* _PROMPT_: Starting at the line below that contains "TeZ-X Spectrum Omega One" and ending at the line that contains "Очистка окон автомобиля", retype each line exactly as it stands, but omit the pictures.

* _SOURCE INFORMATION_:

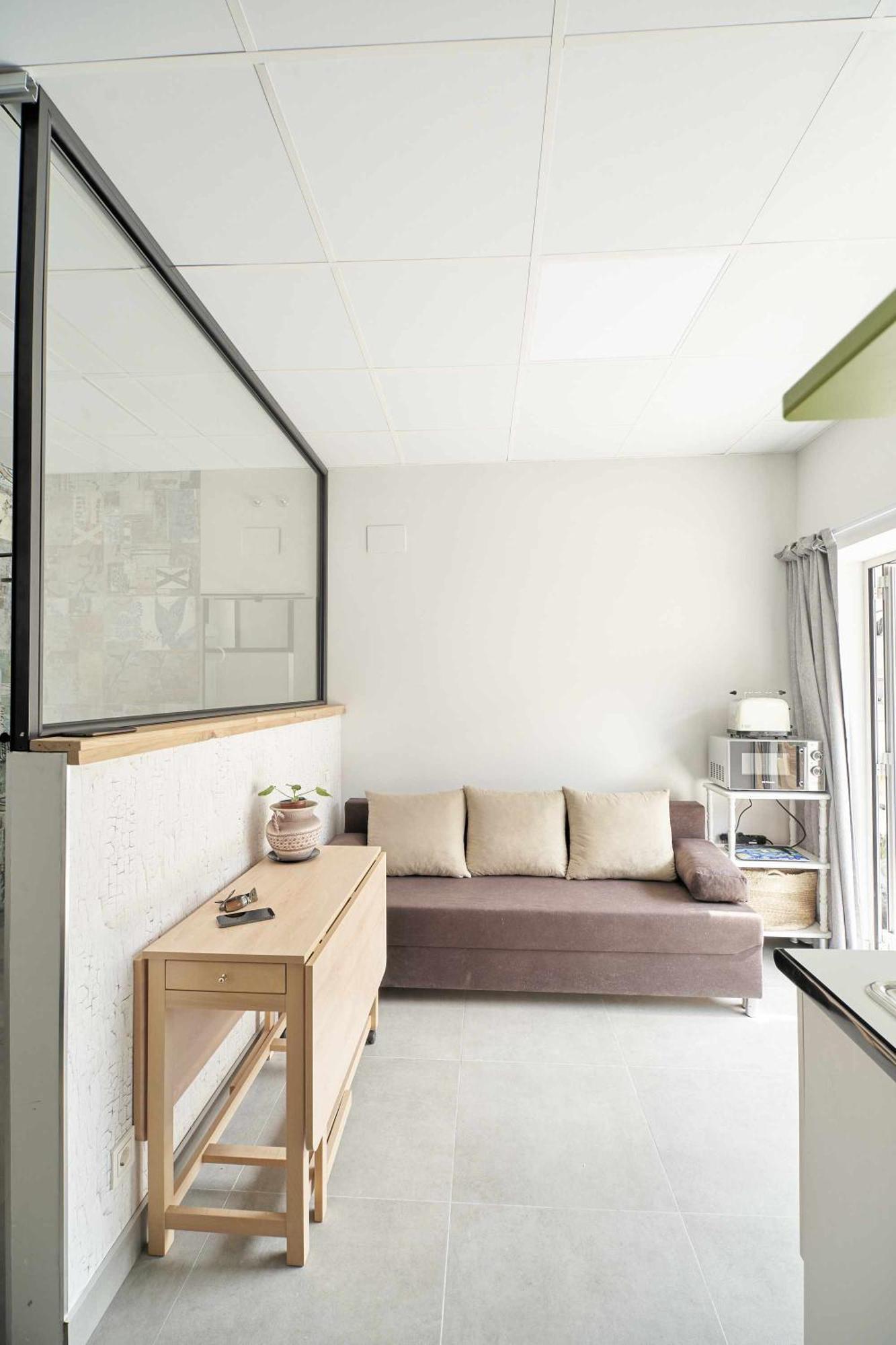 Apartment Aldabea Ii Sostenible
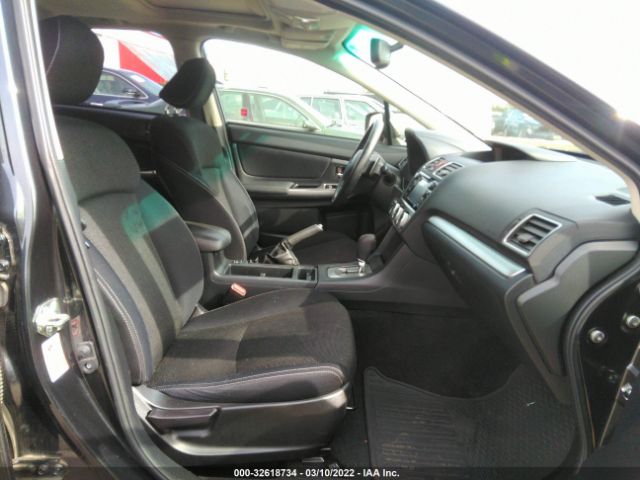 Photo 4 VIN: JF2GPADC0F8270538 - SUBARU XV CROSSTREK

--

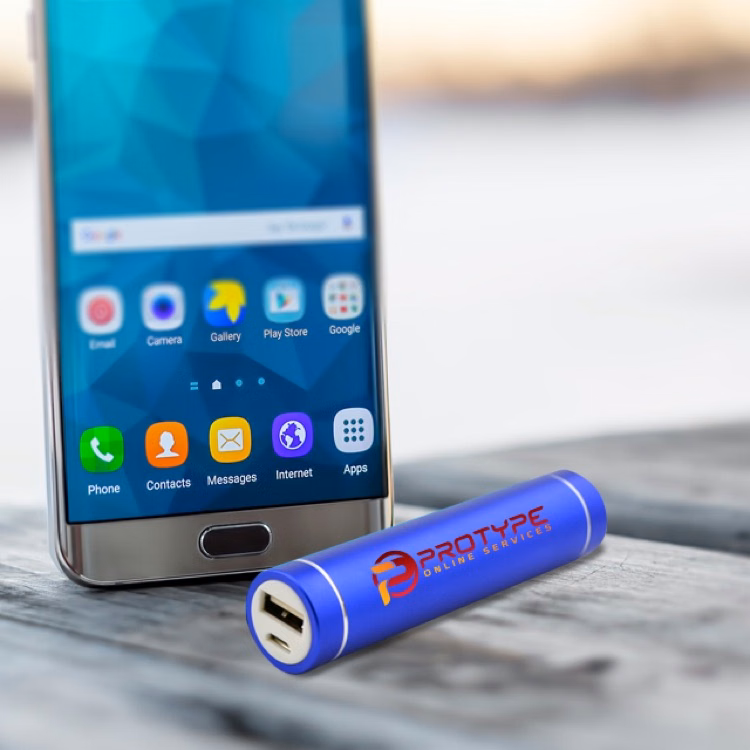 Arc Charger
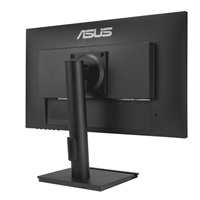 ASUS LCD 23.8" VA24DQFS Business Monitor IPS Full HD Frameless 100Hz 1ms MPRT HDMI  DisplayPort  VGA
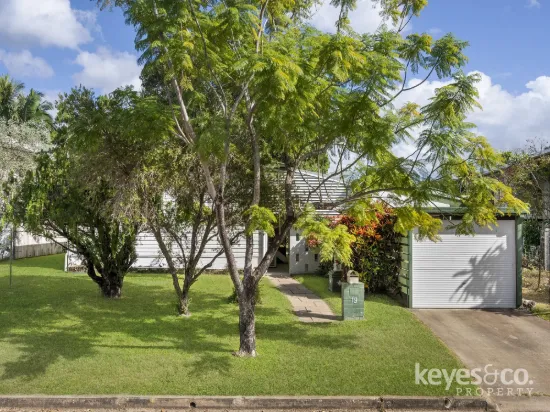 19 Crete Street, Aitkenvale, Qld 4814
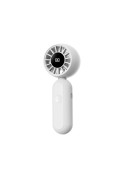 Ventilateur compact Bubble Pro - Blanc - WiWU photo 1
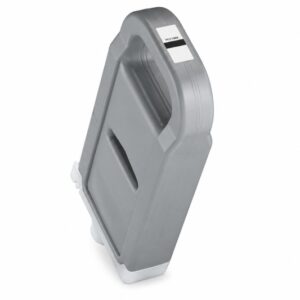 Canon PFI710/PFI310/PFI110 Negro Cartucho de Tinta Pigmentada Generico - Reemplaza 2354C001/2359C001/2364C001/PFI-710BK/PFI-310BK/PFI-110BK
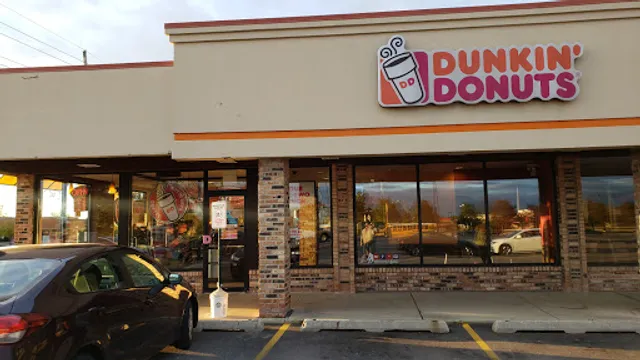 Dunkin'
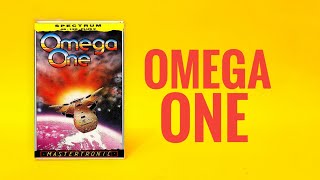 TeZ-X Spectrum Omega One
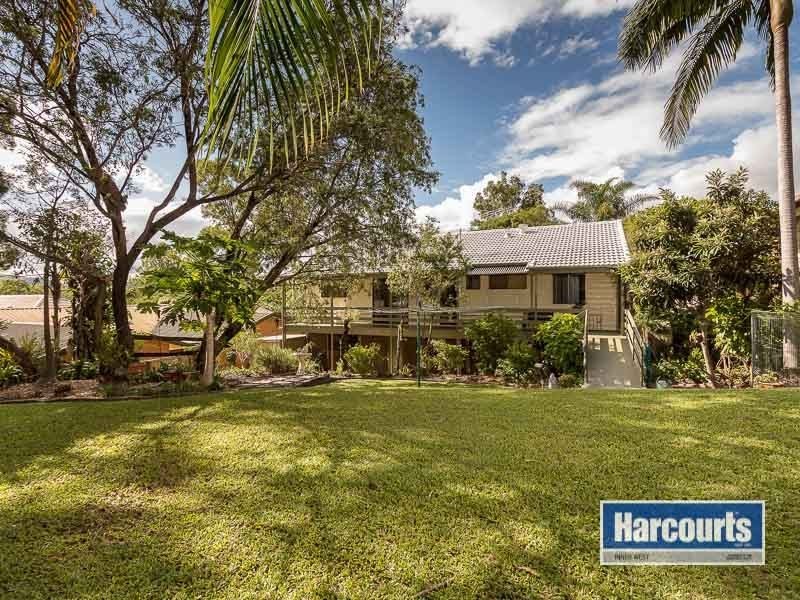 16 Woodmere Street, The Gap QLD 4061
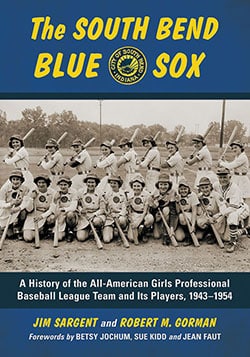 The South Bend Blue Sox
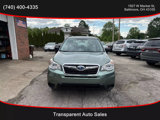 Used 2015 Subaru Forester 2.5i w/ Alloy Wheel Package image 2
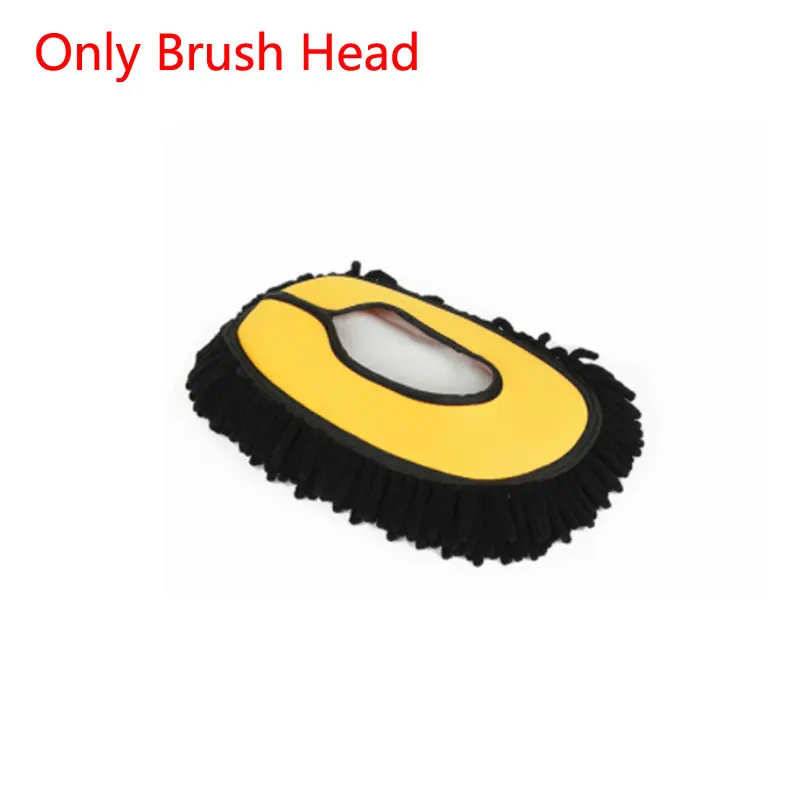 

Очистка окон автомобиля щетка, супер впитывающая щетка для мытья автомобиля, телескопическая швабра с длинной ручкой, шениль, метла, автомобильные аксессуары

* _WRITTEN SOLUTION_:
 TeZ-X Spectrum Omega One
 16 Woodmere Street, The Gap QLD 4061
 The South Bend Blue Sox
 Used 2015 Subaru Forester 2.5i w/ Alloy Wheel Package image 2

Очистка окон автомобиля щетка, супер впитывающая щетка для мытья автомобиля, телескопическая швабра с длинной ручкой, шениль, метла, автомобильные аксессуары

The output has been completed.